L'attualità parla di altro. L'Inter è in fase di ri-costruzione, ha dimenticato il periodo negativo grazie a un tacco magico, di Palacio. Ora chiede strada ai biancocelesti per inseguire un sogno europeo, sfuocato, ma vivo. La Lazio sta peggio. Una buona stagione la scorsa, sotto la guida, elegante, di Petkovic. La qualificazione in Europa League e i propositi per l'anno corrente. Si è sciolta al sole di Formello ogni certezza. Il calcioscommesse ha tolto dal calcio giocato Stefano Mauri, un simbolo, il capitano, l'aquila più rappresentativa. Il mercato ha portato doppioni, vedi Biglia, e poche vere alternative. Klose ha sentito di colpo il peso degli anni e giovani promettenti, lanciati nel fuoco della Serie A, possono impressionare, ma difficilmente decidere. Lotito si è stancato e ha scelto di cambiare. Licenziamento di Petkovic, per giusta causa, per un accordo preventivamente preso con la federazione svizzera per il post Mondiale. Ovvia la reazione del serbo. Rifiuto totale. Avvocati, cause, polemiche. Ora, con due allenatori, Reja, cavallo di ritorno, in campo, e Petkovic di facciata, a parole, la Lazio si presenta alla sfida.

 

Mazzarri sul fronte Inter ha chiuso l'ambiente. Silenzio e lavoro. Ha riabbracciato Alvarez e perso Taider. Osserva Milito e per la prima volta si gode un parco attaccanti completo, sfogliando la margherita, tra la voglia di osare e l'esigenza di equilibrio. Sa che dall'Olimpico, penultima di giornata del girone d'andata, può partire un abbrivio importante.
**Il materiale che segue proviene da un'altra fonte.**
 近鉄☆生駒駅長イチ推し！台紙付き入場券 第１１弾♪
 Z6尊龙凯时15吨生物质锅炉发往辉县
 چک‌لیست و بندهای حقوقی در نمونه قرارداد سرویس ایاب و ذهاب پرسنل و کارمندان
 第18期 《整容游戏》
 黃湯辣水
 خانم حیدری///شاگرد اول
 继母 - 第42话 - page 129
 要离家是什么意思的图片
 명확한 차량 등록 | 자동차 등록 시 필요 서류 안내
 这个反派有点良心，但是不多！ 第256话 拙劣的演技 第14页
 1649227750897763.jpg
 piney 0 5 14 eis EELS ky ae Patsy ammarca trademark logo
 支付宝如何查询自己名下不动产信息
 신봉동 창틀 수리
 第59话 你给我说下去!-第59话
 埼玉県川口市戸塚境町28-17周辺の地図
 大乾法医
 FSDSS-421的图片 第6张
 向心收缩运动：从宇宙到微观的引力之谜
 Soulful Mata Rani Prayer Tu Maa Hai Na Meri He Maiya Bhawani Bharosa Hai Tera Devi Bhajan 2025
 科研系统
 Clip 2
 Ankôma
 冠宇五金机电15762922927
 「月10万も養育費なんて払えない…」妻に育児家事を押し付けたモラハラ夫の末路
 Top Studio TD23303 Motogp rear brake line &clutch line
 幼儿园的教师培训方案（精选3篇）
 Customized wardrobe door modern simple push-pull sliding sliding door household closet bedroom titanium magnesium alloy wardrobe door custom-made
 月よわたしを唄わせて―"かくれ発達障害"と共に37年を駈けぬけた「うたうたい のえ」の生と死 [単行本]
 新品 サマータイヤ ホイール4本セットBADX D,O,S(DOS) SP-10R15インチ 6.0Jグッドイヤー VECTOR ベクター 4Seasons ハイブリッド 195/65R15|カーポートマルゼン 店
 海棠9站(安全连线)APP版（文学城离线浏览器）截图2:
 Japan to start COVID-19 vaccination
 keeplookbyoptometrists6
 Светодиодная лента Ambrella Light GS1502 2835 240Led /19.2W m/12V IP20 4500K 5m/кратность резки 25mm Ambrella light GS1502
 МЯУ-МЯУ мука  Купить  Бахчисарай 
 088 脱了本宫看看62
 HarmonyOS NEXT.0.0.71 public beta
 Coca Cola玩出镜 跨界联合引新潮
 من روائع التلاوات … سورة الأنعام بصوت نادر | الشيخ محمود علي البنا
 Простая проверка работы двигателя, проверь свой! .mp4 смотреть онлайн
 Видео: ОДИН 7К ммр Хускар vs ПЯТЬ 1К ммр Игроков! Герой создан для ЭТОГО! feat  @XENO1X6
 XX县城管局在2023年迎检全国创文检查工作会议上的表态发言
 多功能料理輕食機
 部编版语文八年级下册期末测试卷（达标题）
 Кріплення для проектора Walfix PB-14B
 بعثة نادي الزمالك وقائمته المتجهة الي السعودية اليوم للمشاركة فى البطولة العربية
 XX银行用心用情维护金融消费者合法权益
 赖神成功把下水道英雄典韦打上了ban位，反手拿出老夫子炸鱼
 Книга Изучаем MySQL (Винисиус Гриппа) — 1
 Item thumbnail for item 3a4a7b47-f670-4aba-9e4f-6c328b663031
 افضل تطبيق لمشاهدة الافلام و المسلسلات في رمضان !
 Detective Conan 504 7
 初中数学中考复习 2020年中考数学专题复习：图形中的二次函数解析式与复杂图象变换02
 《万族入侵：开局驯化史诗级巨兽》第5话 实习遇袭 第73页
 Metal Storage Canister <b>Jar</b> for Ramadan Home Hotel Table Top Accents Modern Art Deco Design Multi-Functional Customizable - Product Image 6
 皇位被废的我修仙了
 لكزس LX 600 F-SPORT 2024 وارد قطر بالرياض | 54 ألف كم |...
Il successivo match casalingo con il Chievo si presenta abbordabile e sei punti potrebbero portare i nerazzurri a ridosso del Napoli. Niente euforia però, perché, da uomo navigato, conosce il calcio e capisce che questo è senza dubbio il momento peggiore per affrontare l'animale ferito. Dirigenza e pubblico chiedono una scossa. Il ritorno al passato è la scelta di Lotito per cambiare il futuro. Un allenatore di carattere per strigliare giocatori senza mordente. Sputerà sangue la Lazio, sfodererà le armi dell'orgoglio e dei ricordi. Un'altra volta, spacciata, ha riscritto la storia. Allora contava per l'Inter, oggi forse vale di più per la Lazio.